The results is well known (i guess...) but i can not find any papers or textbooks contain some procedure of this.

Answer 1

Rewrite the product in your first equation as $-iq^{1/8}y^{1/2}(1-y^{-1})\prod_{k=1}^{\infty}(1-q^k)(1-yq^k)(1-y^{-1}q^k)$ (just tweak the third part of the product), divide out $(1-y^{-1})$ from the equation, then use L'Hôpital's rule (with respect to $z$ as it approaches $0$) to calculate the limit of the left-hand theta expression; the result you want follows immediately.

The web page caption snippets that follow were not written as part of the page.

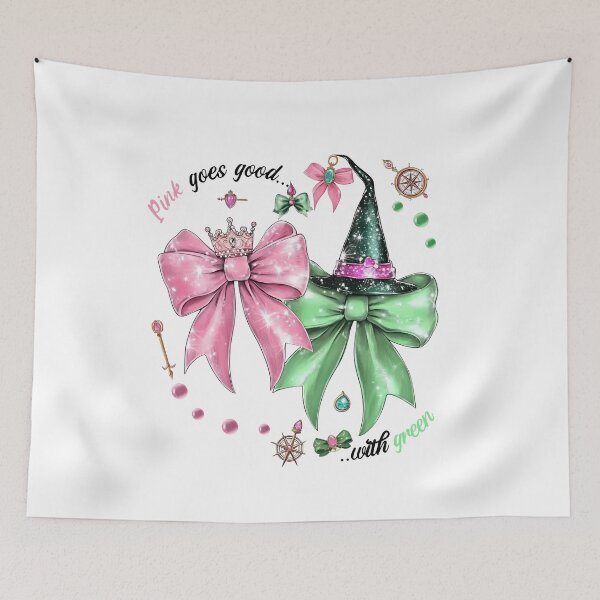 Item preview, Wicked Movies Pink & Green Coquette Art For Good designed and sold by VincentGoodLove.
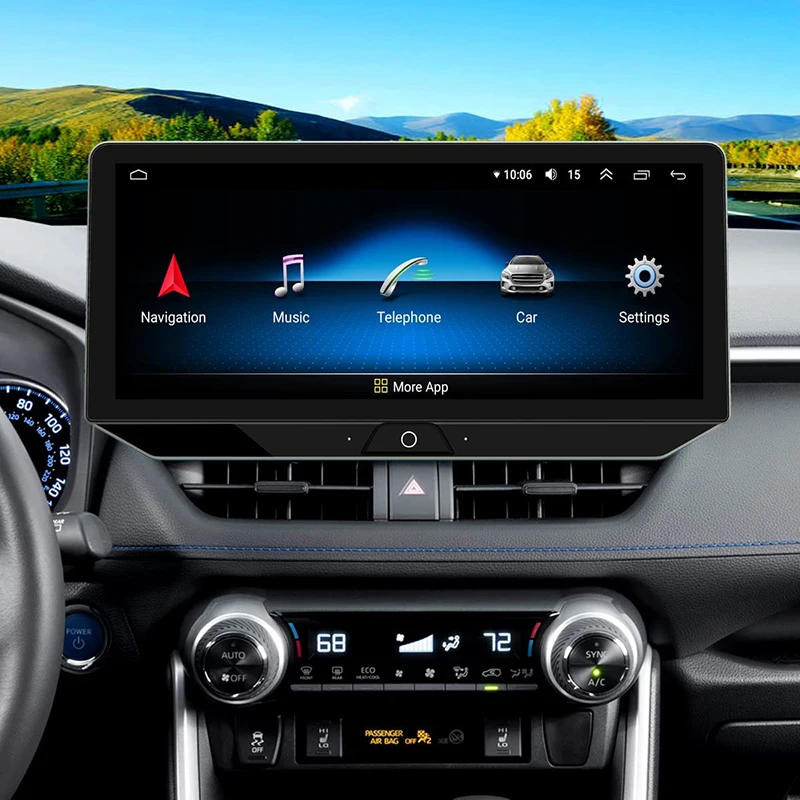 12.3 Inch Android 10 Touch Cae Stereo Radio Navigation Mmi 2G Head Unit Screen For Audi A4 B8 A5 B7 B9 2007 2008 2010 2011 2016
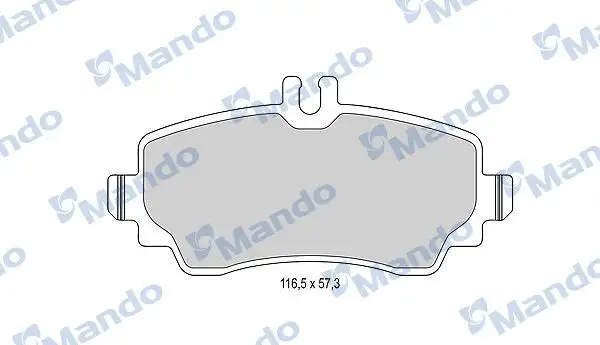 MANDO MBF015131 Ön Fren Balatası resmi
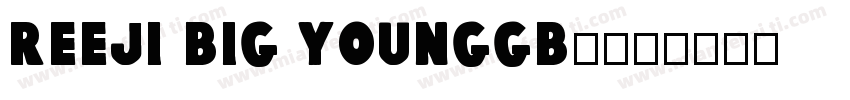 reeji big younggb2字体转换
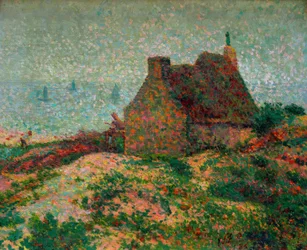 Casa bretã com vista para o mar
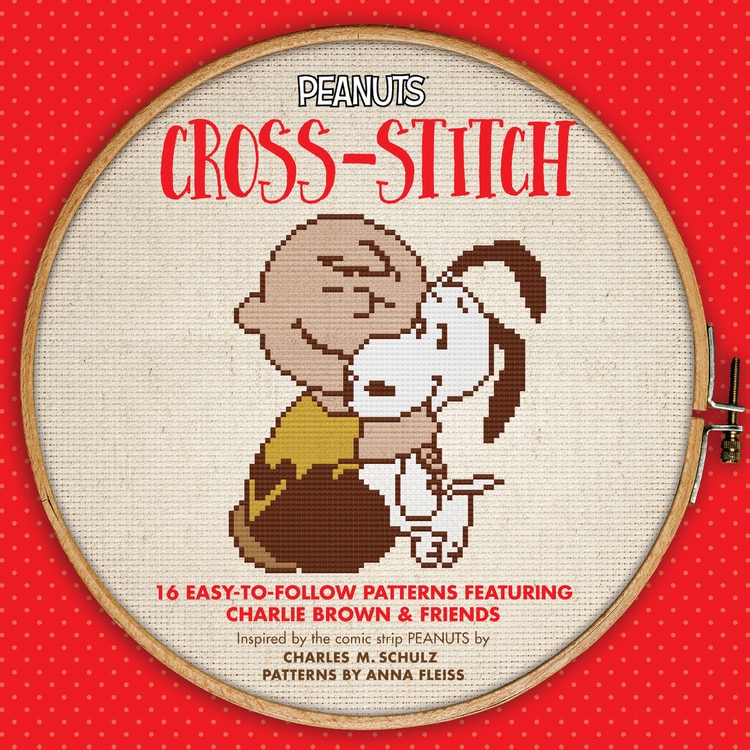 Peanuts Cross-stitch: 16 Easy-to-follow Patterns Featuring Charlie Brown & Friends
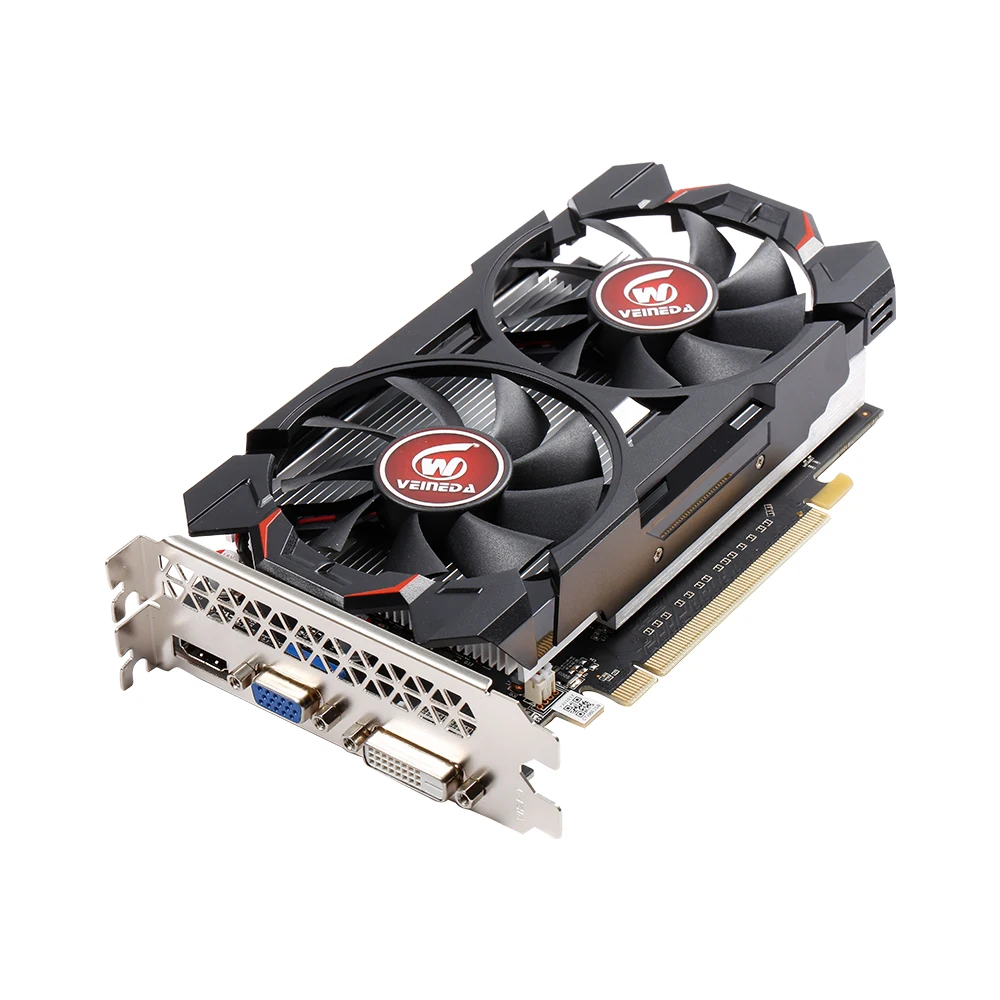 Видеокарта VEINEDA для ПК GTX950 2 Гб 128 бит GDDR5 видеокарта nVIDIA карты VGA Geforce gtx950 Hdmi Dvi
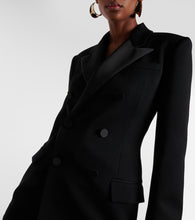 Saint Laurent Wool grain de poudre tuxedo jacket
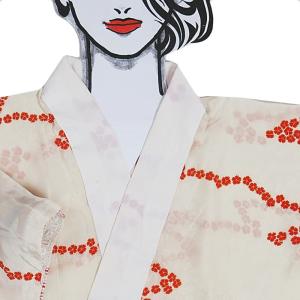 長襦袢 リサイクル襦袢袷 リユース 縮緬 草花 ボカシ染め ピンク 絹 丈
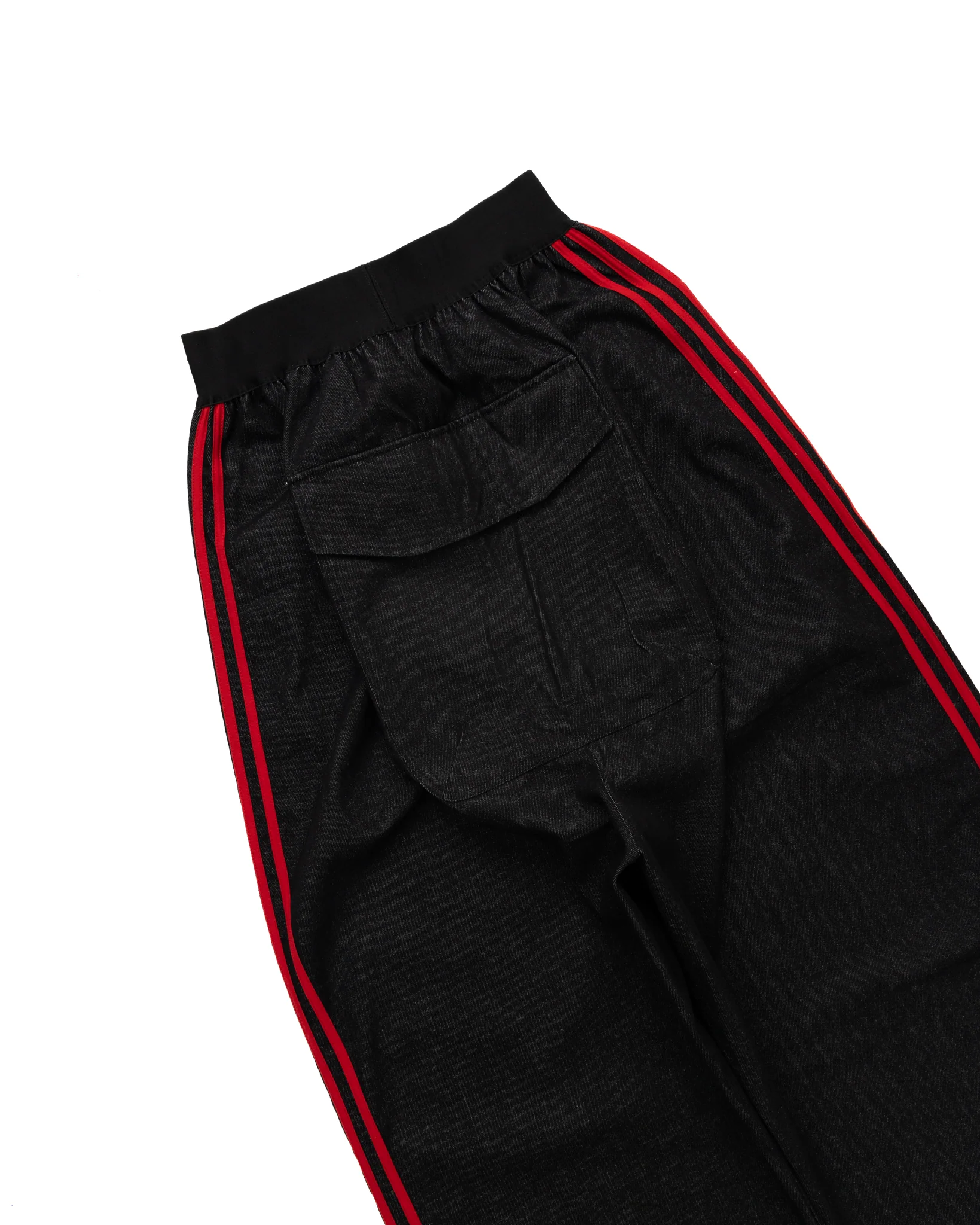 5-Stripe Elastic Denim (Black/Red) - Image 5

You can also substitute $y=e^{2i\pi/3}$ and $q^{1/3}\mapsto q$ to evaluate the Dedekind eta function as a theta function (since $(1-q^{k/3}e^{2i\pi/3})(1-q^{k/3}e^{-2i\pi/3})(1-q^{k/3})=1-q^k$).

As far as I know, I don't think this problem needs residue calculus to solve it, so the title may be misleading.

Answer 2

From Antonio DJC's comment i explicit compute

\begin{align} &\theta_1(q, y)= -i y^{\frac{1}{2}}q^{\frac{1}{8}} \prod_{n=1}^\infty \left(1-q^n\right)\left(1-y q^n\right) \left(1-y^{-1}q^{n-1} \right) \\ &\phantom{\Theta(q,y)}= -i y^{\frac{1}{2}}q^{\frac{1}{8}}(1-y^{-1}) \prod_{n=1}^\infty \left(1-q^n\right)\left(1-y q^n\right) \left(1-y^{-1}q^{n} \right), \\ &\frac{\theta_1(q,y)}{1-y^{-1}}= -i y^{\frac{1}{2}} q^{\frac{1}{8}} \prod_{n=1}^\infty \left(1-q^n\right)\left(1-y q^n\right) \left(1-y^{-1}q^{n} \right) \\ & \lim_{z \rightarrow 0} \frac{\theta_1(\tau|z)}{1-y^{-1}} =\lim_{z \rightarrow 0} \frac{\theta_1'(\tau|z)}{y^{-2} 2\pi i} = \frac{\theta_1'(q,1)}{2\pi i} = -i q^{\frac{1}{8}} \prod_{n=1}^{\infty} (1-q^n)^3 = -i \eta(q)^3 \end{align} where we used $\frac{df(y)}{dz} = \frac{df}{dz} \frac{dy}{dz} = \frac{df}{dz} 2\pi i$. And Dedkind eta function is given as $\begin{align} \eta(q)=q^{\frac{1}{24}} \prod_{n=1}^\infty (1-q^n) \end{align}$